The amended law orders the Illinois Law Enforcement Training Standards Board to conduct or approve training in humane response as well as how to respond to dog fights and animal abuse and neglect.
“Police officers have to keep everybody safe − themselves, their partners, the public and animals,” said Cynthia Bathurst, executive director, Safe Humane Chicago. “But they can’t do that if they don’t have the strategies and tools they need.”
The updated law reflects both a growing attachment to pets − 40 percent of U.S. households include at least one dog − and outrage among animal lovers when four-legged friends are dispatched by police in incidents that can also provoke expensive lawsuits.
“Pet’s have gone from the barnyard to the backyard to the bedroom and they’re part of our families now,” Bathurst said. “A large percentage of Americans own dogs and that’s the way we see it.”
Shamarra Evans of Grayslake accused North Chicago Police Officer Ramtin Sabet of “malice, willfullness and reckless indifference” in a federal lawsuit seeking damages after the shooting of her dog on July 8, 2011.
The city on Dec. 2 agreed to a $5,000 settlement of that claim. According to court documents, Evans, who brought her dog, “Mama,” a 4-year-old American pit bull terrier, along on a visit to a friend’s home in the 1300 block of Lincoln Street, claims Sabet shot the dog without provocation.
Evans, who works at a nail salon in Gurnee, declined to comment except to say that she accepted the settlement because defense attorneys threatened to use a past arrest against her.
North Chicago city Attorney Chuck Smith said the city agreed to settle the claim for “less than what it would have cost to defend it to jury verdict.”
“The officer was executing a search warrant for drugs,” Smith said. “Officers are trained to be protective. Many drug dealers have a pit bull and this was a pit bull. The officer said the dog was coming at him and that’s why he did what he did.”
But Evans claims Sabet killed her dog while it was playing with her friend’s dogs.
Smith said he often hears the argument that dogs have no civil rights. But courts have ruled that the “unreasonable” killing of a pet poses an unconstitutional seizure of personal property under the Fourth Amendment.

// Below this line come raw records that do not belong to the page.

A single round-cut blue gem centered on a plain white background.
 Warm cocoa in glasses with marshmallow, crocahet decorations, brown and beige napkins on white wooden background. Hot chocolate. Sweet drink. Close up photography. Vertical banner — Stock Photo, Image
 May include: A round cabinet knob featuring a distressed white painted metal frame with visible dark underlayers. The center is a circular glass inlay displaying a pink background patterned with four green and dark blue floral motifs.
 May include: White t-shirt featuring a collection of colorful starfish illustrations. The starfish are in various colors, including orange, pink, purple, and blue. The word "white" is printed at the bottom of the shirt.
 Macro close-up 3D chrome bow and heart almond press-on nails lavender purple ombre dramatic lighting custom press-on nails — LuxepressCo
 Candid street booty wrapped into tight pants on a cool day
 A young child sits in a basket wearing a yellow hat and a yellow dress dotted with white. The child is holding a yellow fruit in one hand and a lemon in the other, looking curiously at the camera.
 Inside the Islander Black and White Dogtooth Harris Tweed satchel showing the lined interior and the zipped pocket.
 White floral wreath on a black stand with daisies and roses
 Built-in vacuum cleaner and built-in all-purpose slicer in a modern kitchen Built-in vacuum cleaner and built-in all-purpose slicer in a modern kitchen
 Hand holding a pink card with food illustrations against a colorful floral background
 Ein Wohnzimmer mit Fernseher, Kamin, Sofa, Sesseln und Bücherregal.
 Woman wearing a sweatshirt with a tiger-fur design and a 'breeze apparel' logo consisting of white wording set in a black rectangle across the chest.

In another police-dog encounter this year, the subject of a federal lawsuit against an officer with the Metropolitan Enforcement Group (MEG), Stephanie Smith of North Chicago claims that State Trooper Adam Hendrick shot her dog Lokey “multiple times in the head and body” despite the fact that the dog was standing by her side, wagging its tail.
That shooting occurred inside Smith’s apartment at 1500 Elizabeth Ave. on March 20 during a drug raid in which her brother, who had spent the night, was taken into custody.
Assistant Attorney General Sunil Bhave, who is representing Hendrick, could not be reached for comment. Efforts to contact Smith, who still lives in the apartment where her dog died, were also unsuccessful.
Smith is seeking unspecified damages for emotional distress, loss of companionship and illegal seizure of property.
Illinois is the second state, after Colorado, to adopt police training guidelines that train officers in non-lethal methods of controlling dogs.